_SOURCE MATERIAL_
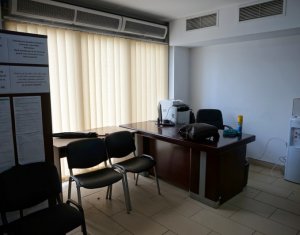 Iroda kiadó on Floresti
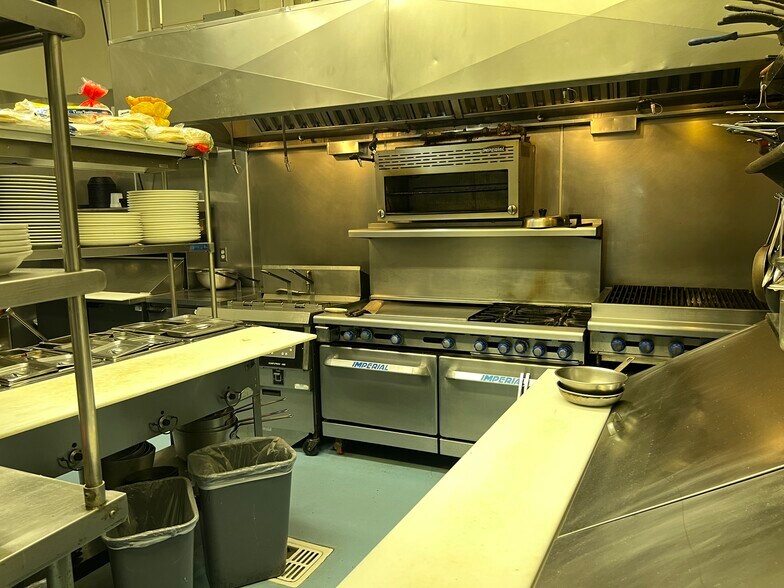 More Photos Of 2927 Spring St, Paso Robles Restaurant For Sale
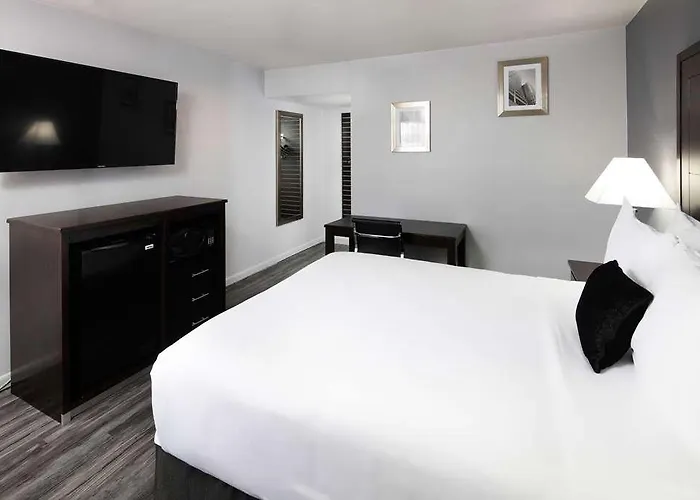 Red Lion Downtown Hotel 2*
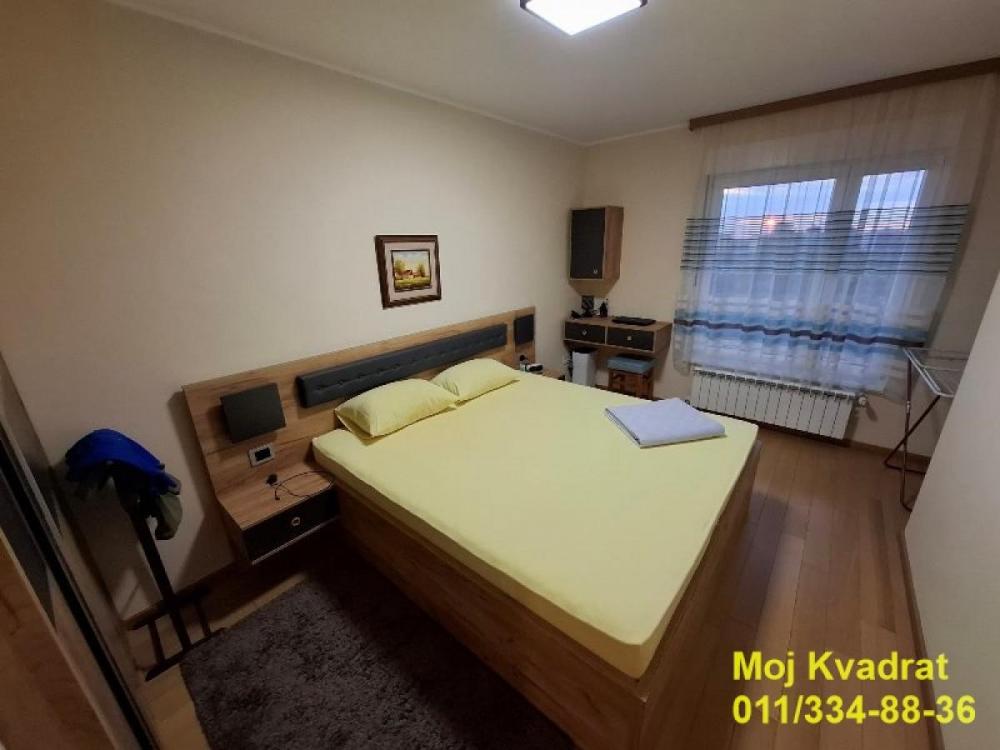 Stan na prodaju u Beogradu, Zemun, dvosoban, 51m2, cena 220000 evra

_INSTRUCTIONS TO FOLLOW_
Return an exact transcription of the material, with its pictures left out.

_RESULT BELOW_
 Iroda kiadó on Floresti
 More Photos Of 2927 Spring St, Paso Robles Restaurant For Sale
 Red Lion Downtown Hotel 2*
 Stan na prodaju u Beogradu, Zemun, dvosoban, 51m2, cena 220000 evra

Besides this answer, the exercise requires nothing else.